Unnamed: 0,age,sex,bmi,children,smoker,region,charges,insuranceclaim
0,19,0,27.9,0,1,3,16884.924,1
1,18,1,33.77,1,0,2,1725.5523,1
2,28,1,33.0,3,0,2,4449.462,0
3,33,1,22.705,0,0,1,21984.47061,0
4,32,1,28.88,0,0,1,3866.8552,1


## Step 2: Define the Real-World Question

**Business Question:**  
Are smokers more likely to file an insurance claim than non-smokers?

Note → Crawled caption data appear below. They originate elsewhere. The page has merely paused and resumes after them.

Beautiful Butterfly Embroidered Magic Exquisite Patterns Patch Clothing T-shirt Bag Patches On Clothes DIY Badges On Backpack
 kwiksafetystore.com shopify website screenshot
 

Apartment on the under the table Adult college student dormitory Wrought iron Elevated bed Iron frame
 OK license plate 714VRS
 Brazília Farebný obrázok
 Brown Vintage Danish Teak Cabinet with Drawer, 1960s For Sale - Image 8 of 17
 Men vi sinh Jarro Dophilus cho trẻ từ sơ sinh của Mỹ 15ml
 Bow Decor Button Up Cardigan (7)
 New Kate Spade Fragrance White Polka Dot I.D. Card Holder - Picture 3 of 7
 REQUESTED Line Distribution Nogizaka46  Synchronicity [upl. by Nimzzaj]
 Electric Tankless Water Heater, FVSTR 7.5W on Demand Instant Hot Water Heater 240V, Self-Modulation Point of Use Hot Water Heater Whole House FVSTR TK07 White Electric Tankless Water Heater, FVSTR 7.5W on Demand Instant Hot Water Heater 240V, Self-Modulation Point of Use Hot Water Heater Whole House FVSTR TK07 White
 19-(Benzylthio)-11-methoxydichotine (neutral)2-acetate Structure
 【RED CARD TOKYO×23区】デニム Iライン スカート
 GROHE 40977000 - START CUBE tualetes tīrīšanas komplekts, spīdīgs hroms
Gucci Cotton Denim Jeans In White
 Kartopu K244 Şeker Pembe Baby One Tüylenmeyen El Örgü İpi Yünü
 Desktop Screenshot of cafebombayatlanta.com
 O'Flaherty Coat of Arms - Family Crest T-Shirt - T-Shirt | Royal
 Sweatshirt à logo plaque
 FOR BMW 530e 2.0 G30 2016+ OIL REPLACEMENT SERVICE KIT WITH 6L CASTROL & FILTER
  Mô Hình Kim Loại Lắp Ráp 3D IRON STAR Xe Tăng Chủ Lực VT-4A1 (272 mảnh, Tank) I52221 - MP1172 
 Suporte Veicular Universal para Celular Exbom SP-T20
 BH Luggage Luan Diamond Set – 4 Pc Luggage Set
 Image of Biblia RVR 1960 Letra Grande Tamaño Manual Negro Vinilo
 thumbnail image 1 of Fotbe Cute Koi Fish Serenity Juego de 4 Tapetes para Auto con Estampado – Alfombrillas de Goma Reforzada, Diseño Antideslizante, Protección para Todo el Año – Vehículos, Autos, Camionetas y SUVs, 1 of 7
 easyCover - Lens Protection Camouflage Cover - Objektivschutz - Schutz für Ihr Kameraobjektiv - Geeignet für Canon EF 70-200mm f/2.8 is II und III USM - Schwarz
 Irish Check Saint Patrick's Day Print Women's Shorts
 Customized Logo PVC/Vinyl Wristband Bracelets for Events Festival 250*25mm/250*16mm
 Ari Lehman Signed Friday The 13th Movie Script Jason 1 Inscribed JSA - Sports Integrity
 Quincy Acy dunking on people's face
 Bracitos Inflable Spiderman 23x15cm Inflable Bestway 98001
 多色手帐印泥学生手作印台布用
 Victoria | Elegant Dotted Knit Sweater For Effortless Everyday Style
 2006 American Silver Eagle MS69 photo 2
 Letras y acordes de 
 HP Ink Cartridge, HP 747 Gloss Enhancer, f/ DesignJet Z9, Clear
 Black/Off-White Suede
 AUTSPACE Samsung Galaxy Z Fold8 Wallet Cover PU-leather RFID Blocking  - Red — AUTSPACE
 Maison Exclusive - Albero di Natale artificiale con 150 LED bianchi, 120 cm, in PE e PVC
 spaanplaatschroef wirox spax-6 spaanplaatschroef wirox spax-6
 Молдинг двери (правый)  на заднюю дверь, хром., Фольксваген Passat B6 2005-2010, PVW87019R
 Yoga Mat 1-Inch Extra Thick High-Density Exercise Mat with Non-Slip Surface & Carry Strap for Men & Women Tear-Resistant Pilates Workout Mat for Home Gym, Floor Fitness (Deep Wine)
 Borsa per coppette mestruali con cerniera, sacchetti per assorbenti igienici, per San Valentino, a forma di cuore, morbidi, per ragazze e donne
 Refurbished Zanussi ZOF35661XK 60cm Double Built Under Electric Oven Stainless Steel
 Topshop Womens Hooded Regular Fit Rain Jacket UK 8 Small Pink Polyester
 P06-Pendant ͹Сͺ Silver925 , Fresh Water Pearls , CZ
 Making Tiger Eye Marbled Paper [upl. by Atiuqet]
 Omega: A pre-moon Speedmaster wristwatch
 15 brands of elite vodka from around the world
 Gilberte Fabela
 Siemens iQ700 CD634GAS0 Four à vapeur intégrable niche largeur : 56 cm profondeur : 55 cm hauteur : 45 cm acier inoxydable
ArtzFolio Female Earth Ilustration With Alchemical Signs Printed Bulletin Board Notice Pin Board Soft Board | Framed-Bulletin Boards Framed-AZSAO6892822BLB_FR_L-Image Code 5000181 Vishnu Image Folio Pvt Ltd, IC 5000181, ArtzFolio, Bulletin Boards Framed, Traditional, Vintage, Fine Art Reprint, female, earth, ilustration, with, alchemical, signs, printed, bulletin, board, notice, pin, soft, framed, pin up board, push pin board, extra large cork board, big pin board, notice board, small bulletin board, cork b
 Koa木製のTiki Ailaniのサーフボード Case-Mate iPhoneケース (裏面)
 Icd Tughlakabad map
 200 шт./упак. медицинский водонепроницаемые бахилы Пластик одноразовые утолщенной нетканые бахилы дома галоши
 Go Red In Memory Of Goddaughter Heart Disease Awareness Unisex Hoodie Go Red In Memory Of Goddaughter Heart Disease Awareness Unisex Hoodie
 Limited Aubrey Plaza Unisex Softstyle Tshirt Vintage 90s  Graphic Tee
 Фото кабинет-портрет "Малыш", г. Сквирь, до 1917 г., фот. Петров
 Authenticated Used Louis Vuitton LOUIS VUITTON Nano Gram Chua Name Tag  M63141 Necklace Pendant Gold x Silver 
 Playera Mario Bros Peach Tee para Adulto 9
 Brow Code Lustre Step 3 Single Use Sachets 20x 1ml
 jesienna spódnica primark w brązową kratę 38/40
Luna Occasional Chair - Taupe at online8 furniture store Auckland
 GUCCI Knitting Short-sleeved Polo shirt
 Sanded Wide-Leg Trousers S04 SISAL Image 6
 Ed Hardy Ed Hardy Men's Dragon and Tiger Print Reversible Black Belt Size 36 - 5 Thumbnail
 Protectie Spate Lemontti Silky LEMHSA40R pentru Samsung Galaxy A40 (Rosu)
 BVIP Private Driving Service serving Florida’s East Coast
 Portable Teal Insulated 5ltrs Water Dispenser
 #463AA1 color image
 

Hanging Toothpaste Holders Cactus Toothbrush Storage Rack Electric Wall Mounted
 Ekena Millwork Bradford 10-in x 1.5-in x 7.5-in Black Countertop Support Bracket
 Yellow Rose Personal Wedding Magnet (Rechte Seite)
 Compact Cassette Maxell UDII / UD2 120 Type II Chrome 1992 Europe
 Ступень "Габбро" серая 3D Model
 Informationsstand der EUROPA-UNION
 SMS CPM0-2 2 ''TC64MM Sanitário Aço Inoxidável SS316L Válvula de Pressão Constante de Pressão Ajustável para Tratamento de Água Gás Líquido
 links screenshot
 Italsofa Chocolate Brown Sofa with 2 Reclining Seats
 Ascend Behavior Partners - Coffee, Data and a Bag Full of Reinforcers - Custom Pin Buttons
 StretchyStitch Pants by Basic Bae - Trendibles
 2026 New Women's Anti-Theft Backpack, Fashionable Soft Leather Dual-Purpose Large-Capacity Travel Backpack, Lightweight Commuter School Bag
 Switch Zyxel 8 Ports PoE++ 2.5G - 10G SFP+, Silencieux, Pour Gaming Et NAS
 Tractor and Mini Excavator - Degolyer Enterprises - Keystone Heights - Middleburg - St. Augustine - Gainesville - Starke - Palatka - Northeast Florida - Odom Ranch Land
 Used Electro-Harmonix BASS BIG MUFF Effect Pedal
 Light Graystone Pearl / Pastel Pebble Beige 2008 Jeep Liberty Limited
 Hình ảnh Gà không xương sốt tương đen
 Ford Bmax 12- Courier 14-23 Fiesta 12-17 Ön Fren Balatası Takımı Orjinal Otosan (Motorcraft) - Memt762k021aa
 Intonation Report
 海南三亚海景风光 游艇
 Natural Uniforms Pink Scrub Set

This is a binary classification problem comparing two proportions:
- Proportion of **smokers** who filed a claim
- Proportion of **non-smokers** who filed a claim

### Hypotheses

**Null Hypothesis (H₀):**  
There is no difference in the proportion of claims filed between smokers and non-smokers.  
→ 𝑝₁ = 𝑝₂

**Alternative Hypothesis (H₁):**  
Smokers are more likely to file a claim than non-smokers.  
→ 𝑝₁ > 𝑝₂

In [6]:
print("Smoker counts:")
print(df["smoker"].value_counts())

print("\nSmoker vs. Claim Crosstab:")
print(pd.crosstab(df["smoker"], df["insuranceclaim"]))

Smoker counts:
smoker
0    1064
1     274
Name: count, dtype: int64

Smoker vs. Claim Crosstab:
insuranceclaim    0    1
smoker                  
0               530  534
1                25  249


## Step 3: Data Exploration Summary

There are 274 smokers and 1064 non-smokers in the dataset.  
Out of the smokers, 249 filed insurance claims.  
Out of the non-smokers, 534 filed claims.

This suggests a higher proportion of smokers file claims, but we need to perform a hypothesis test to confirm if the difference is statistically significant.

## Step 4: Two-Proportion Z-Test

I want to test if smokers are more likely to file insurance claims than non-smokers.

### Hypotheses:
- **Null Hypothesis (H₀):** There is no difference in proportions. (p1 = p2)
- **Alternative Hypothesis (H₁):** Smokers have a higher proportion of claims. (p1 > p2)

I'll use a two-proportion z-test to check if the observed difference is statistically significant.

In [8]:
from statsmodels.stats.proportion import proportions_ztest

# Claim counts for each group
claim_counts = [249, 534]  # [smokers who claimed, non-smokers who claimed]

# Total people in each group
group_sizes = [274, 1064]  # [total smokers, total non-smokers]

# Run one-sided (smoker > non-smoker) z-test
z_stat, p_value = proportions_ztest(count=claim_counts, nobs=group_sizes, alternative='larger')

print("Z-statistic:", z_stat)
print("P-value:", p_value)

Z-statistic: 12.190247084419937
P-value: 1.751787457205559e-34


In [None]:
## Step 6: Final Summary & Conclusion

In this project, I looked at whether smokers are more likely to file insurance claims compared to non-smokers. I used a two-proportion z-test to compare the percentage of claims made by each group.

### Key Findings:
- 249 out of 274 smokers filed claims (~90.9%)
- 534 out of 1064 non-smokers filed claims (~50.2%)
- Z-statistic: 12.19  
- P-value: 1.75e-34 (way below 0.05)

### Conclusion:
Because the p-value is so small, I can confidently reject the null hypothesis. There’s strong evidence that smokers are more likely to file insurance claims than non-smokers.

This analysis could be useful for insurance providers when evaluating risk based on lifestyle choices like smoking.